On July 9, 2009, a putative class action styled Mark Smith v. Pizza Hut, Inc. was filed in the United States District Court for the District of Colorado.  The complaint alleges that Pizza Hut did not properly reimburse its delivery drivers for various automobile costs, uniforms costs, and other job-related expenses and seeks to represent a class of delivery drivers nationwide under the Fair Labor Standards Act (FLSA) and Colorado state law.  On September 15, 2009, a putative class action styled Sue Blackwood and Scott Lewis v. Pizza Hut of America, Inc. was filed in the United States District Court for the District of Kansas.  The Blackwood complaint alleges that delivery drivers received insufficient reimbursement and seeks to represent a nationwide class under the FLSA.

Pizza Hut denies liability and intends to vigorously defend against all claims in these lawsuits.  However, in view of the inherent uncertainties of litigation, the outcome of these cases cannot be predicted at this time.
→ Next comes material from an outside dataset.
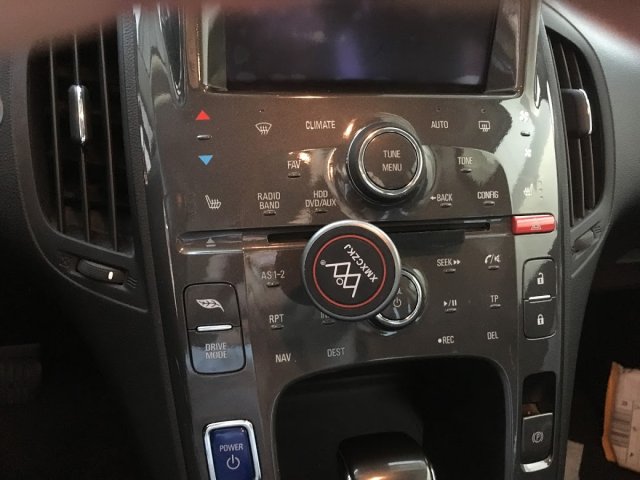 Magnetic Phone CD Mount Nut — source image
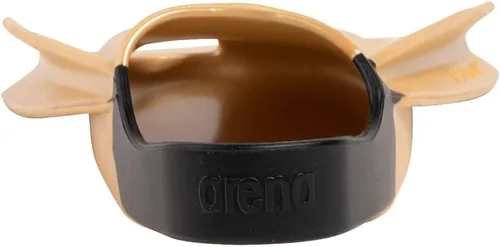 Vista 21 de Arena Unisex Adult Powerfin Pro II - Aletas de entrenamiento para natación para hombres y mujeres, lámina corta de silicona, reversibles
Likewise, the amount of any potential loss cannot be reasonably estimated.



 
25

 


Management’s Discussion and Analysis of Financial Condition and Results of Operations.

Introduction and Overview

The following Management’s Discussion and Analysis (“MD&A”) should be read in conjunction with the unaudited Condensed Consolidated Financial Statements (“Financial Statements”), the Cautionary Note Regarding Forward-Looking Statements and our annual report on Form 10-K for the fiscal year ended December 27, 2008.  Throughout the MD&A, YUM! Brands, Inc. (“YUM” or the “Company”) makes reference to certain performance measures as described below.

·
The Company provides the percentage changes excluding the impact of foreign currency translation.  These amounts are derived by translating current year results at prior year average exchange rates.  We believe the elimination of the foreign currency translation impact provides better year-to-year comparability without the distortion of foreign currency fluctuations.
   
·
System sales growth includes the results of all restaurants regardless of ownership, including Company-owned, franchise, unconsolidated affiliate and license restaurants.  Sales of franchise, unconsolidated affiliate and license restaurants generate franchise and license fees for the Company (typically at a rate of 4% to 6% of sales).  Franchise, unconsolidated affiliate and license restaurant sales are not included in Company sales on the Condensed Consolidated Statements of Income; however, the franchise and license fees are included in the Company’s revenues.  We believe system sales growth is useful to investors as a significant indicator of the overall strength of our business as it incorporates all of our revenue drivers, Company and franchise same store sales as well as net unit development.
 
 
·
Same store sales is the estimated growth in sales of all restaurants that have been open one year or more.
   
·
Company restaurant margin as a percentage of sales is defined as Company sales less expenses incurred directly by our Company restaurants in generating Company sales divided by Company sales.
 
 
·
Operating margin is defined as Operating Profit divided by Total revenues.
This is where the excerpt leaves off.